Example systems used in SCFT calculations to obtain the line tensions for (a) edge, e, (b) rim pore, p, and (c) HD, h, interfaces. Double-layer separation, d, is controlled using periodic boundaries and controlling the system size. Hydration repulsion prevents the double-layer region from expanding into a circular cross section. d is chosen to match the double-layer region, as described further in Fig. 3. To see this figure in color, go online.

Figure 15

Absolute line tensions corresponding to Fig. 3, in units of $\sqrt{\overline{N}}{k}_{B}T$. Data are shown for ${\lambda }_e$ (black), ${\lambda }_p$ (red), and ${\lambda }_h$ (blue). Calculations are done for $\chi N=30$ and $2d\approx 2.75D\approx 11\text{nm}$ (solid), $\chi N=30$ and $2d\approx 1.75F\approx 7\text{nm}$ (dashed), and $\chi N=45$ and $2d\approx 2.75D\approx 11\text{nm}$ (dotted). The parameters of primary interest, $f=0.8$ and $\chi N=30$, have line tensions of ${\lambda }_e=0.288\sqrt{\overline{\mathcal{N}}}{k}_{\mathrm{B}}T/R_0$, ${\lambda }_h=0.290\sqrt{\overline{\mathcal{N}}}{k}_{\mathrm{B}}T/R_0$, and ${\lambda }_p=0.160\sqrt{\overline{\mathcal{N}}}{k}_{\mathrm{B}}T/R_0$. The absolute line tensions found in MARTINI simulations are POPC: ${\lambda }_e=\left(14.5\pm 0.5\right)k_{\mathrm{B}}T/\text{nm}$, ${\lambda }_h=\left(11.5\pm 1.0\right)k_{\mathrm{B}}T/\text{nm}$, ${\lambda }_p=\left(18.3\pm 1.5\right)k_{\mathrm{B}}T/\text{nm}$, and $2d=4.7\pm 0.1$ nm; DMPC: ${\lambda }_e=\left(9.4\pm 0.5\right)k_{\mathrm{B}}T/\text{nm}$, ${\lambda }_h=\left(16.5\pm 1.0\right)k_{\mathrm{B}}T/\text{nm}$, ${\lambda }_p=\left(17.5\pm 1.3\right)k_{\mathrm{B}}T/\text{nm}$, and $2d=4.3\pm 0.1$ nm. For comparison between SCFT and particle simulations or experiments, $\sqrt{\overline{\mathcal{N}}}{k}_{\mathrm{B}}T\approx 4.78\kappa \approx 96k_{B}T$ and $R_0\approx 0.83D\approx 3.3$ nm.
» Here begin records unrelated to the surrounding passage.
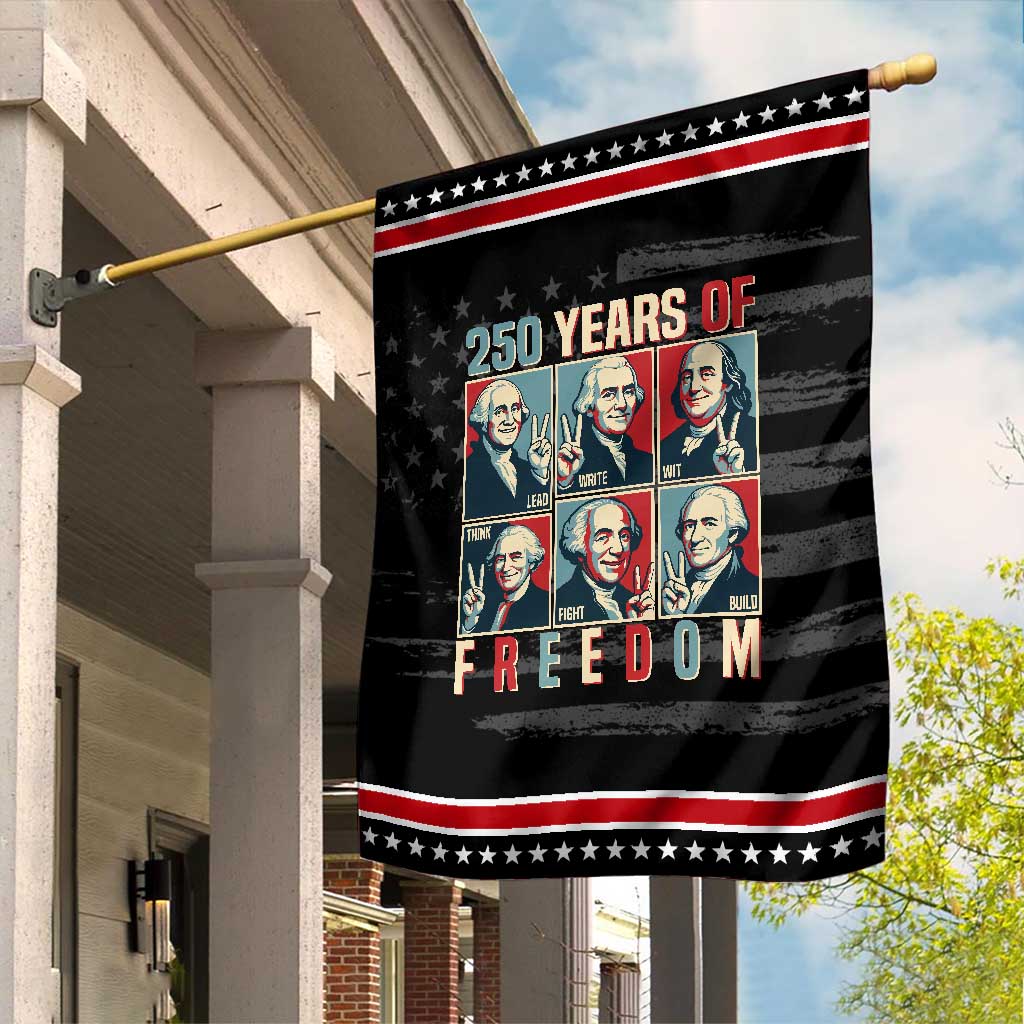 Founding Fathers 250 Years of Freedom Garden Flag Patriotic Pop Art Style Semiquincentennial 2026 TS02 Distressed Black Red Print Your Wear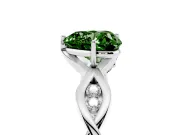 Fancy Green Heart Cut Diamond Twist Band Solitaire Ring Set in White gold with Leaf Prong Setting and Accent Stones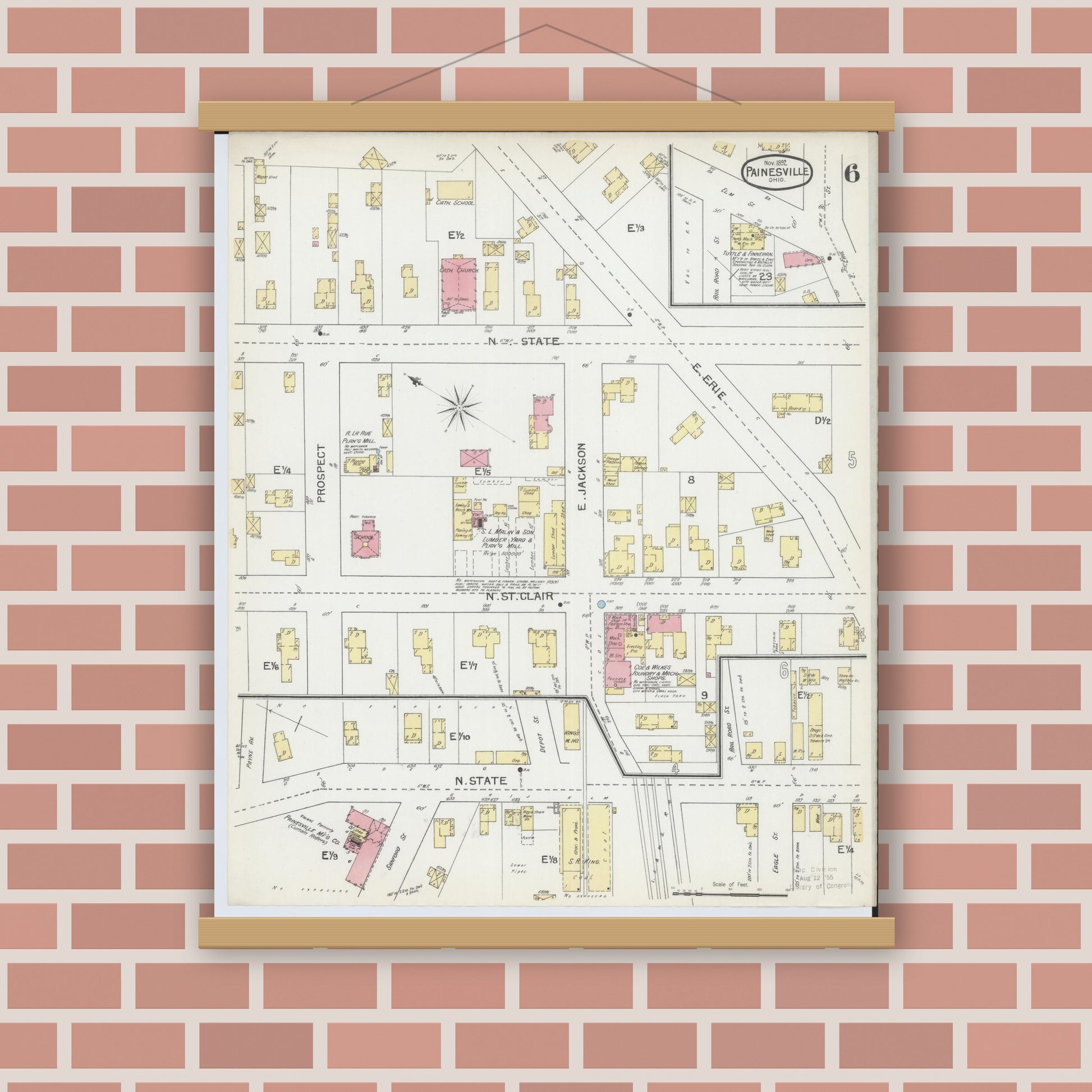 Old map wall art mockup — magnetic wood frame on brick wall — Sanborn Fire Insurance Map from Painesville, Lake County, Ohio (1892), Sheet #0006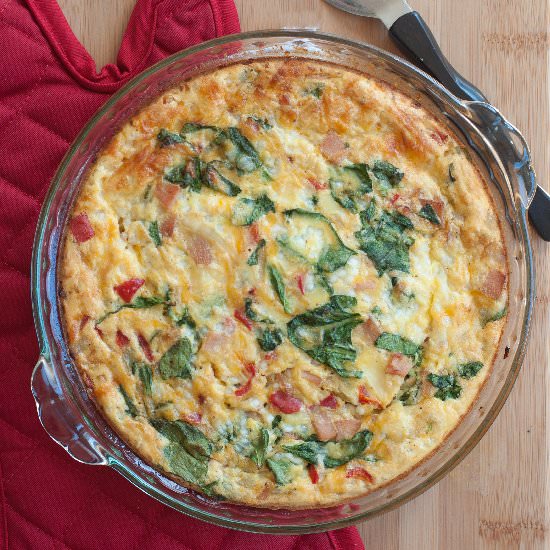Ham & Veggie Crustless Quiche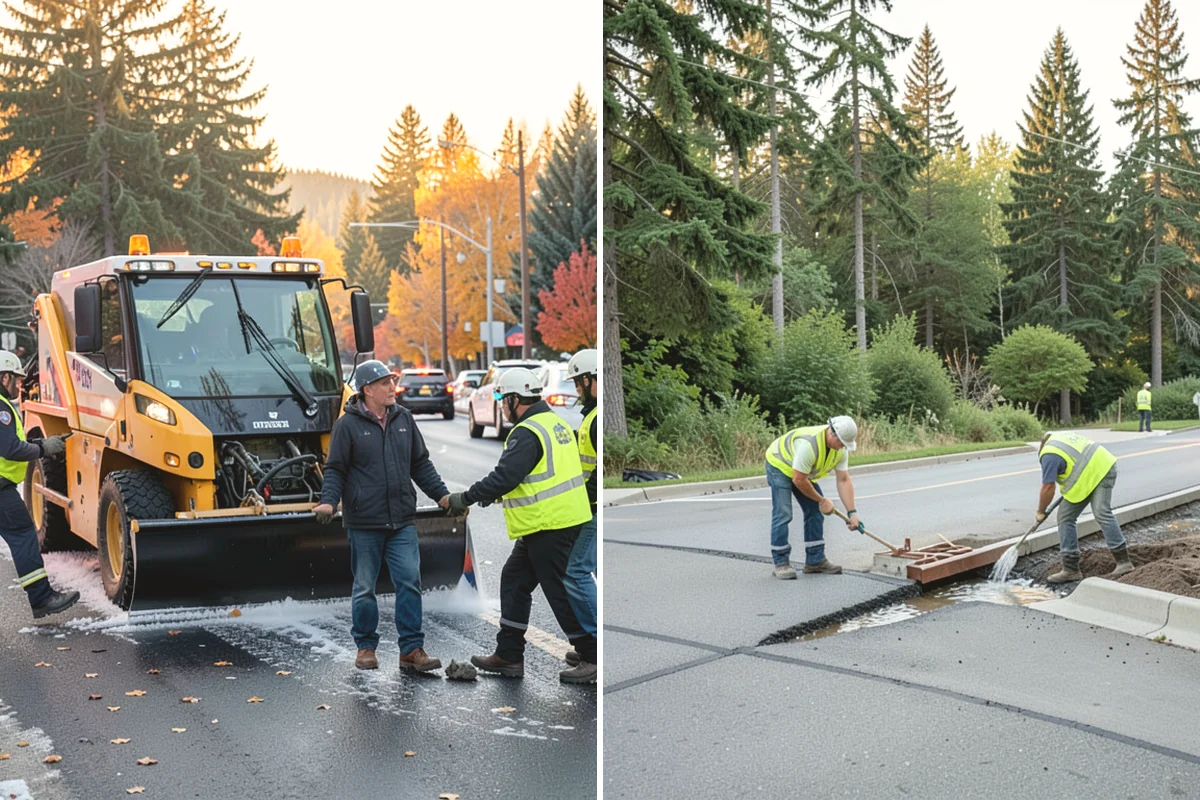 Street Name Sign Installation in Monroe, Snohomish County, WA - Confirm naming, sheeting grade, and mounting standard with staff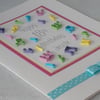 Quilled 18th birthday card, musical notes, personalised with age and name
To see this figure in color, go online.

Figure 16

(a) Monolayer spontaneous curvature, $c_0$, and (b) monolayer bending energy, ${\kappa }_m$, are shown as functions of lipid tail volume fraction, f, for $\chi N=25$ (black), $\chi N=30$ (red), $\chi N=35$ (green), $\chi N=40$ (blue), and $\chi N=45$ (purple). To see this figure in color, go online.

Figure 17

Example systems used in MARTINI simulations to calculate the line tensions for (a) edge, e, (b) rim pore, p, and (c) HD, h, interfaces. The separation of the double-layer regions, d, is controlled by the amount of water contained between the layers, as diffusion of water across the membrane is slow on the simulation timescale. d is chosen to match that chosen by the circular HD systems. To see this figure in color, go online.